Tamir Dayya, manager and representative, spoke out about the interest, the boutique’s aim, and its progress from the earlier stages. “We had the boutique up and running, from the ground up in two weeks. Everyone from the facilities, to President Cline helped us out. It was true, genuine, teamwork,” said Dayya.

“The whole point is to get the students to run it, so they can learn about executive choices, and envelop themselves in management that can be fun, but also hard work,” Dayya said when asked about the boutique’s purpose on campus. “Thus far, we’ve gotten nothing but positive feedback, and we are very proud of the work we’ve done up to this point,” he added.

“I think it’s a good idea but I don’t know how many students it’s really going to bring in as customers,” said Stephanie Morales, a sophomore Art Therapy major. Morales had a notion that the boutique would definitely draw in various eyes from every direction, but she was unsure if the interest would stay alive.

“Everyone that I’ve spoken to about it, hasn’t shown any real excitement, or interest about it,” she added.

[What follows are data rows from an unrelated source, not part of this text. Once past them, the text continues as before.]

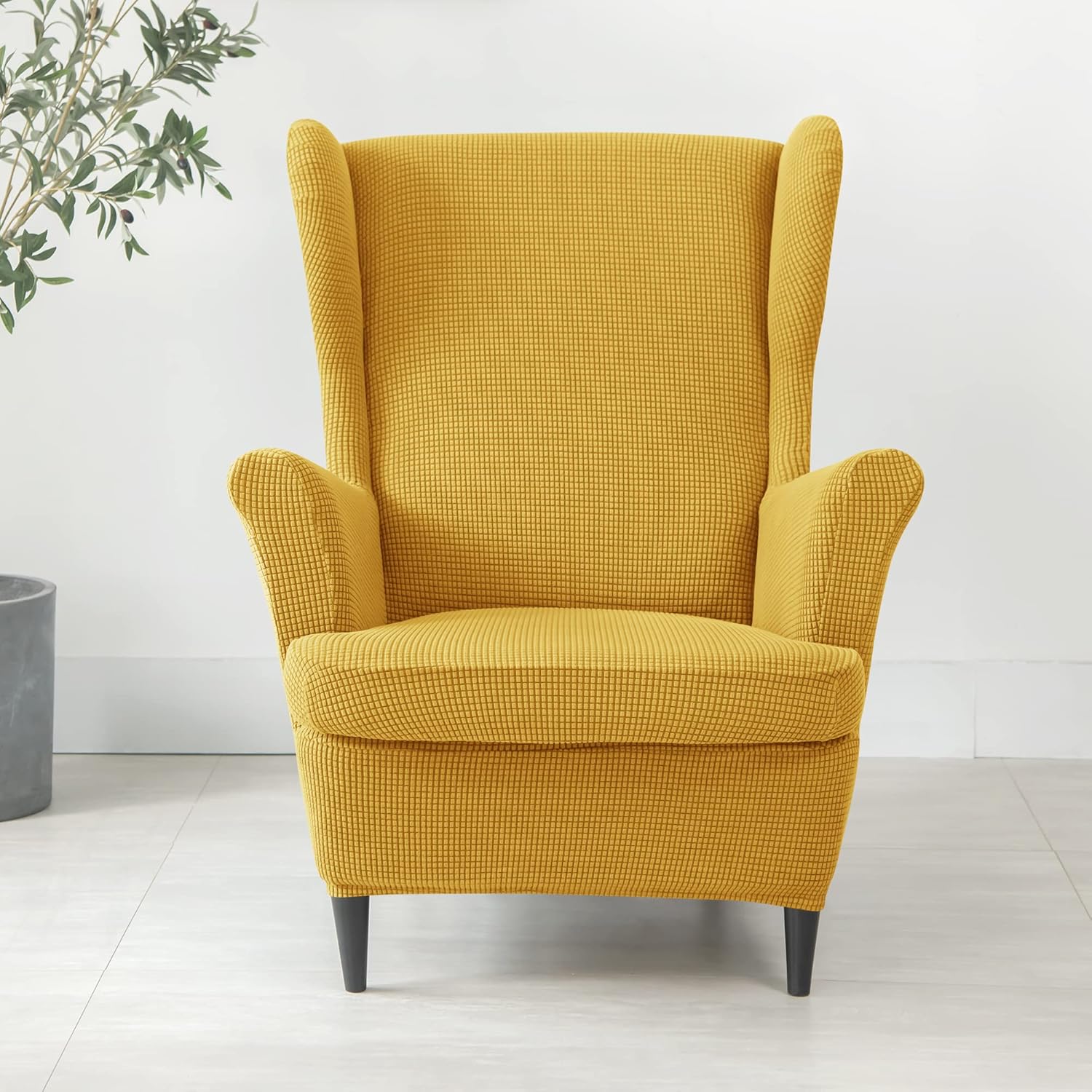Wing Chair Slipcovers, 2 Piece Stretch Wingback Chair Cover Soft Jacquard Armchair Covers with Elastic Bottom for Living Room Bedroom (Yellow)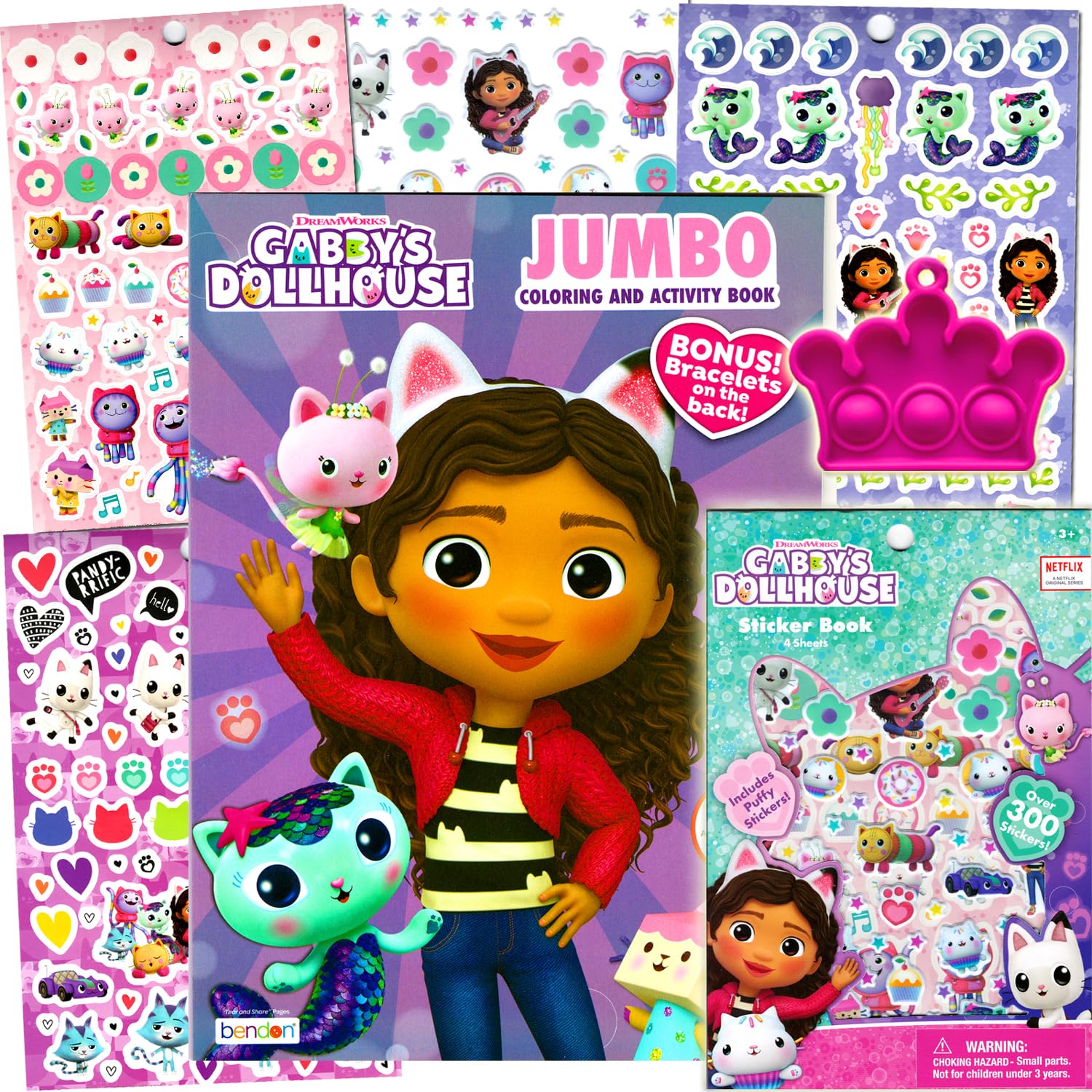 Bendon Gabbys Dollhouse Coloring Activity Book and Sticker Set for Kids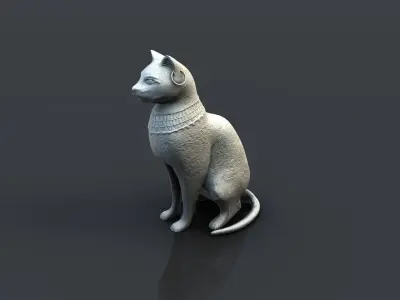 Egyptian cat statue Low-poly 3D model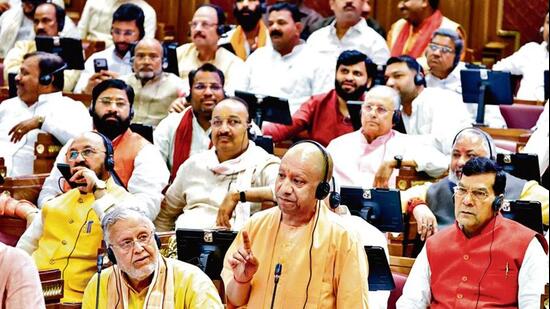 Chief minister Yogi Adityanath in the assembly in Lucknow on Tuesday. (Deepak Gupta/HT)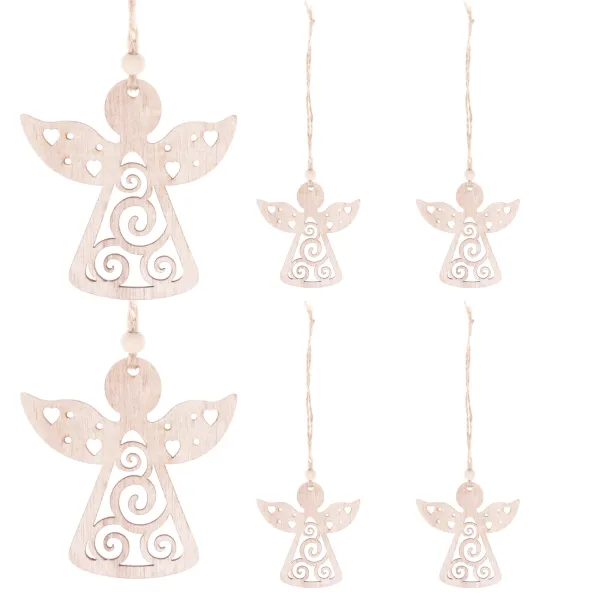Christmas tree decoration wood angel Springos CA0664 set of 6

“I find it both appealing and unappealing. I find it appealing because there are a lot of nice things that they are selling. However, I find it unappealing because many of the items are overpriced. The students don’t have discounts which we should,” said Nathalie Souffrant, a senior Sociology major.Despite the grand opening, some students suggested there were a couple of things the boutique’s management could do to attract a greater audience. “Get word out there that there are prices more affordable for college students because students are on a budget and they are more likely to buy things they can afford,” said Morales.“I honestly think that the dormers have an upper leg on everything, including the boutique. I really think Post should e-mail all students letting them know what’s going on with the boutique. They should also allow discounts, as in like certain percentages off for students, whether you dorm or commute to Post,” added Souffrant.
Even though the grand opening symbolized the boutique’s official debut to the campus community, it has been open for business since its soft opening on Nov. 1. The boutique, which is the first major campus change in a rumored list of anticipated changes, has created a discussion about what is truly needed on campus. One thing is for sure; students and staff alike are excited to see where this boutique will end up in the long run.